Here we witness a failed boxer (Tony Yang) wooing a nurse (Liu Tao) with heavy interference from his eccentric mother (Elaine Jin), a rotund perfume specialist trying to lose weight with the help of a fitness coach (Eddie Peng) before the imminent visit of her teenage crush (Charles Chen), a troubled war vet (Zhang Li) turned beat cop who’s also the chef’s brother, a gifted singer (Jiao Junyan) discovered by one of her peers (Deng Chao) but doomed by a terminal disease, and a young couple from the country (Vision Wei and Zhang Yishang) torn apart by their incompatible aspirations.

This episodic concept is, in itself, more suited for a TV series than for a feature film. The first Japanese film adaptation made its stories revolve around a mysterious urn, providing narrative connective tissue.
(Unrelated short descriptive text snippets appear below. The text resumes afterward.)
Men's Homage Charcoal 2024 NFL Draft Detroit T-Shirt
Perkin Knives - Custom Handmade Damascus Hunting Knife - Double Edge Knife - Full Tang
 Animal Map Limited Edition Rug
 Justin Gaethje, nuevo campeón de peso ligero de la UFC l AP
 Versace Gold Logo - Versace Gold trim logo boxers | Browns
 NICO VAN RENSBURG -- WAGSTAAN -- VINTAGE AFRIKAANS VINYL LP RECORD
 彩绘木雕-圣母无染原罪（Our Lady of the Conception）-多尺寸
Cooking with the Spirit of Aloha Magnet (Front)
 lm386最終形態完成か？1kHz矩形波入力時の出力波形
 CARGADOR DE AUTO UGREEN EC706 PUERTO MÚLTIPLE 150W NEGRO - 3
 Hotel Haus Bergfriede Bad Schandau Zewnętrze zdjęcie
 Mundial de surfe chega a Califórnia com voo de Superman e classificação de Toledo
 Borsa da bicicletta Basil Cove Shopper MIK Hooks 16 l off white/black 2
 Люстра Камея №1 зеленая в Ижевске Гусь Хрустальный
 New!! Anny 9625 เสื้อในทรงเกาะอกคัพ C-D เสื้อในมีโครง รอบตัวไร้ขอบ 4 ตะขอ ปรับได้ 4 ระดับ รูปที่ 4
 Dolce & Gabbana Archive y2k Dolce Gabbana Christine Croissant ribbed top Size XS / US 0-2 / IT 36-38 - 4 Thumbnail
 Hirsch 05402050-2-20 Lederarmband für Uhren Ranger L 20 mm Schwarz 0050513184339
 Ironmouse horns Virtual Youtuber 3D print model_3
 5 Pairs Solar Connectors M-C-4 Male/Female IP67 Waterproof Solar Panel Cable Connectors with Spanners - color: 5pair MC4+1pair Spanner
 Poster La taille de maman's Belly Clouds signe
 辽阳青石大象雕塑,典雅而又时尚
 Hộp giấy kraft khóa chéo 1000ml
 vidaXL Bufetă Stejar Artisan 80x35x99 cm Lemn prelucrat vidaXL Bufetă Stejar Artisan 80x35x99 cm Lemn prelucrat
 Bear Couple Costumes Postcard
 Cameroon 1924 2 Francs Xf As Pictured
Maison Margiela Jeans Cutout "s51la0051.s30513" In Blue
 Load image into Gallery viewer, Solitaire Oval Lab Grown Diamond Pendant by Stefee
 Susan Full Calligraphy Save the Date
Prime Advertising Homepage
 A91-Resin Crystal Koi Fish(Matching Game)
Leung’s Midnight Diner however, is not much more than five bland short films with bouts of food porn (mouth-watering, but that’s hardly a ground-breaking achievement) providing transition and on-the-nose food metaphors for closure: for example a bittersweet story of young love in uncertain times ends with the girl being served a bittersweet omelette, with the chef explaining that some things are bitter, but also sweet. Mind: blown.

The sense of poetry is bland  (let’s play the guitar in the diner!), there’s dime-store tragedy (the gifted singer who’s diagnosed with a terminal disease just as success is in sight), some slight involuntary hilarity (a heart-breaking revelation is told during a rooftop dinner, at a table that’s revolving), strange casting (60-year old Berg Ng as a boxing champion), pointless cameos (Deng Chao and Eddie Peng’s appearance brings nothing), unbearably soapy songs to drive points home, and a cascade of unearned happy endings. Only old pros Elaine Jin and Stanley Fung (as the old man with a cap, a fixture of the manga and its adaptations) bring a bit of spice to an otherwise undercooked dish – oh look, we can do food metaphors as well.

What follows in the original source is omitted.